Friday, Apr. 19, 1968
Price of Consistency
The Reporter magazine presented a steadfast face to the world. From the day it started in 1949, its standards of journalism were high, its contributors stayed close to the facts, and it enthusiastically accepted the postwar role of the U.S. as a world arbiter and standard-setter. As the years rolled by, how ever, many liberals became disenchanted with U.S. action as international policeman or bored with straight reporting and turned instead to the more sensational outpourings of the New Left. But the Reporter, personified by Publisher Max Ascoli, never wavered. Last week it paid the price of consistency by announcing it would cease publication in June.

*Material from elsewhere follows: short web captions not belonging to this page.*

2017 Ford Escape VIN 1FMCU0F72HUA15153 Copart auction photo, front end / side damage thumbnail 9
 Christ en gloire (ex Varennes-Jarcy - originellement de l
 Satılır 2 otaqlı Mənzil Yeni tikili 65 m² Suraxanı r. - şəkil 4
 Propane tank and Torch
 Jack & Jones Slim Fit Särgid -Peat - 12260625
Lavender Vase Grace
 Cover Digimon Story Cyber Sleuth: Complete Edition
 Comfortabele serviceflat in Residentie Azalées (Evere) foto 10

For Ascoli, 69, the final blow was the abuse heaped upon him because of his support of the U.S. position in Asia and Viet Nam. In a recent issue, he lamented the loss of onetime friends and the "feeling of loneliness" it gave him. Though subscribers stayed steady at 210,000, their identity changed; Ascoli feels that he was losing liberal and academic readers and that the loss was causing publishing houses to reduce their advertising. Ad pages, which stood at a moderately money-losing 543 in 1963, dropped to a painfully money-losing 401 last year.
One-Man Show. Ascoli and his wife Marion Rosenwald, a Sears, Roebuck heiress, wearied of making up deficits. Very much the editorial autocrat, Ascoli had trouble grooming a successor. He hired a succession of distinguished editors: Harlan Cleveland, Theodore H. White, Theodore Draper, Irving Kristol. But none of them stayed very long. Through it all, the Reporter remained steady, sober, unsensational.
Various publishing houses offered to buy the Reporter and keep it going, but Ascoli considered it too much of a "one-man show" to sell it. He says that "My answer to them was: Is your daughter for sale?" He even hopes to keep the copyright of the name after the magazine folds. The Reporter, however, will not completely disappear from view. "I'm not abandoning ship," insists Ascoli. Two topnotch reporters, Meg Greenfield and Denis Warner, will be transferred to Harper's magazine, which is striving energetically to keep up with the times. Ascoli will contribute a regular column and write books--though he will doubtless remain out of tune. In the current Reporter, he bids farewell to yet another friend on the subject of Viet Nam: President Johnson. L.B.J., he writes, has "run out on his pledge to the people of South Viet Nam and run out on the American electorate."